UP-THE-DOWN-STAIRCASESortons du western pour saluer un autre Mulligan, UP THE DOWN STAIRCASE (ESCALIER INTERDIT), toujours écrit par Alvin Sargent qui annonce de manière incroyablement prémonitoire ENTRE LES MURS de Laurent Cantet. Un double programme serait tout à fait passionnant, même si le Mulligan paraît plus scénarisé. Le regard porté sur l’école, sur les minorités, sur les injustices est le même et UP THE DOWN STAIRCASE annonce tout ce qui arrivera 25 ans plus tard dans l’école française (sous titres français).
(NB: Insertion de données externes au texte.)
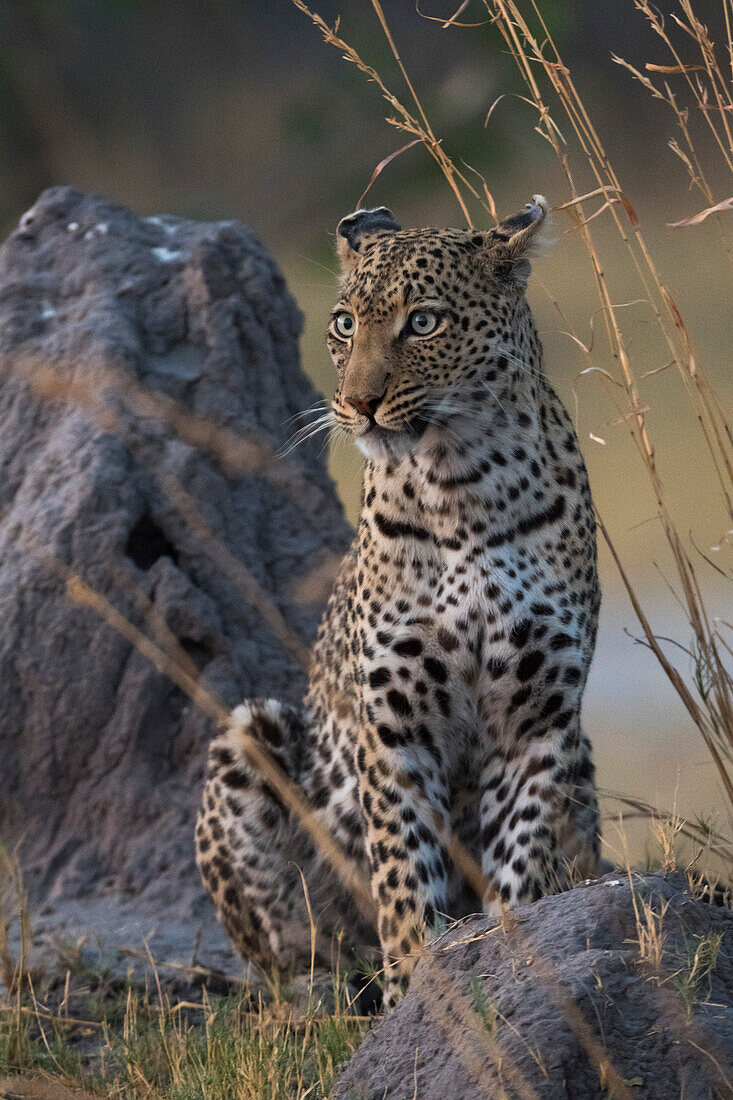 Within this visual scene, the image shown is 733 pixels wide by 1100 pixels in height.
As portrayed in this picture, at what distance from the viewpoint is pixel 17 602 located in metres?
5.77

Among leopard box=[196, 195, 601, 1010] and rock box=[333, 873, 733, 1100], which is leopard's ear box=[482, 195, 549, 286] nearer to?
leopard box=[196, 195, 601, 1010]

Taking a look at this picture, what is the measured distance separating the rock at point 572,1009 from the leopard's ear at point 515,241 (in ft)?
6.42

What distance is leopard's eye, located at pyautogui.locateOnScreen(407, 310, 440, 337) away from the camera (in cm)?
380

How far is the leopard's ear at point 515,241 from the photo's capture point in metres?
3.90

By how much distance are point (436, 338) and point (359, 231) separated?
86 centimetres

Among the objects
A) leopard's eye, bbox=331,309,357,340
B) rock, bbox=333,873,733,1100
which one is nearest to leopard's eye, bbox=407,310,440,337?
leopard's eye, bbox=331,309,357,340

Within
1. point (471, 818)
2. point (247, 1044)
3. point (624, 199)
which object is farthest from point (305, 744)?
point (624, 199)

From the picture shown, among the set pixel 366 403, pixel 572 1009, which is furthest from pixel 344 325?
pixel 572 1009

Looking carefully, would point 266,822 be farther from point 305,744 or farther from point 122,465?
point 122,465

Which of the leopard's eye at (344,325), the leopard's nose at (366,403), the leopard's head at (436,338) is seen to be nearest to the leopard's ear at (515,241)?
the leopard's head at (436,338)

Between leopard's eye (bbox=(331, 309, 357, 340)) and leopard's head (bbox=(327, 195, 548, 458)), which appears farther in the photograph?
leopard's eye (bbox=(331, 309, 357, 340))

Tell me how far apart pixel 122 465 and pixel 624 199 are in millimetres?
3024

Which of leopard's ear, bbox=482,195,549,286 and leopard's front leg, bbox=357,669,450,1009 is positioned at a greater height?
leopard's ear, bbox=482,195,549,286

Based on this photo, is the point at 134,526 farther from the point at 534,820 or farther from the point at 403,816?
the point at 534,820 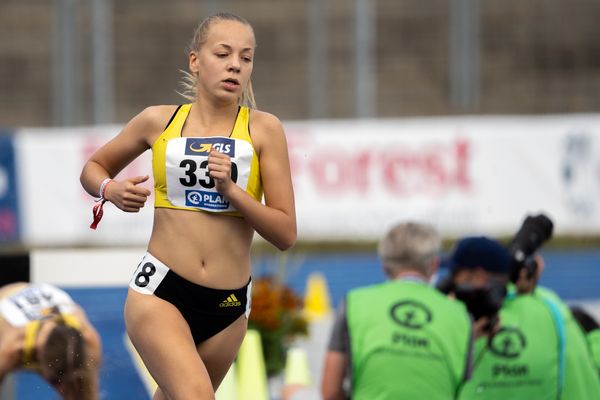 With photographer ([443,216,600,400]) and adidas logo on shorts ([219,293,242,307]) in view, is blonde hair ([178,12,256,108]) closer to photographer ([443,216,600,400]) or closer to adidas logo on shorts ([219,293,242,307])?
adidas logo on shorts ([219,293,242,307])

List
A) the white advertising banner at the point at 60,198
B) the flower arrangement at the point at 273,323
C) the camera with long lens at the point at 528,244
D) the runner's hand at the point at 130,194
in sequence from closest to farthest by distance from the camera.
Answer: the runner's hand at the point at 130,194 → the camera with long lens at the point at 528,244 → the flower arrangement at the point at 273,323 → the white advertising banner at the point at 60,198

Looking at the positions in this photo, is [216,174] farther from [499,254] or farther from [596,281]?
[596,281]

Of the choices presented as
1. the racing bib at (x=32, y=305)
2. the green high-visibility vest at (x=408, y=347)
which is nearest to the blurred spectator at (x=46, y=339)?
the racing bib at (x=32, y=305)

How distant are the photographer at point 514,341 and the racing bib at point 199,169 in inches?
45.1

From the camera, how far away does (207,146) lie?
4.13 m

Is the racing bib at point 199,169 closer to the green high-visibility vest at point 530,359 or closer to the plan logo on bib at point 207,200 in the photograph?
the plan logo on bib at point 207,200

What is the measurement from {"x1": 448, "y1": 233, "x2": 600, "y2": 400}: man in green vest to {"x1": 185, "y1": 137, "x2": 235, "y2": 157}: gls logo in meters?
1.19

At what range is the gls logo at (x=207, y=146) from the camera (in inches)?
163

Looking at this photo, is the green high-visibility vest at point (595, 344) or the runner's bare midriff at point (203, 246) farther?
the green high-visibility vest at point (595, 344)

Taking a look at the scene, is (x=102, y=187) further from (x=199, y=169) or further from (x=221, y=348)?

Sandy Dennis est remarquable.

Sorti d’un coffret distribué par Warner (sous-titres français) qui comprend deux excellents Sturges, ESCAPE FROM FORT BRAVO (magnifique utilisation de l’espace et des paysages) et THE LAW AND JACKE WADE qu’André Glucksmann jugeait Hégélien. Ajoutons pour faire bonne mesure le très intéressant western de Robert Parrish SADDLE THE WIND avec Robert Taylor et surtout Julie London et John Cassavetes. Charles McGraw est impressionnant dans la séquence d’ouverture.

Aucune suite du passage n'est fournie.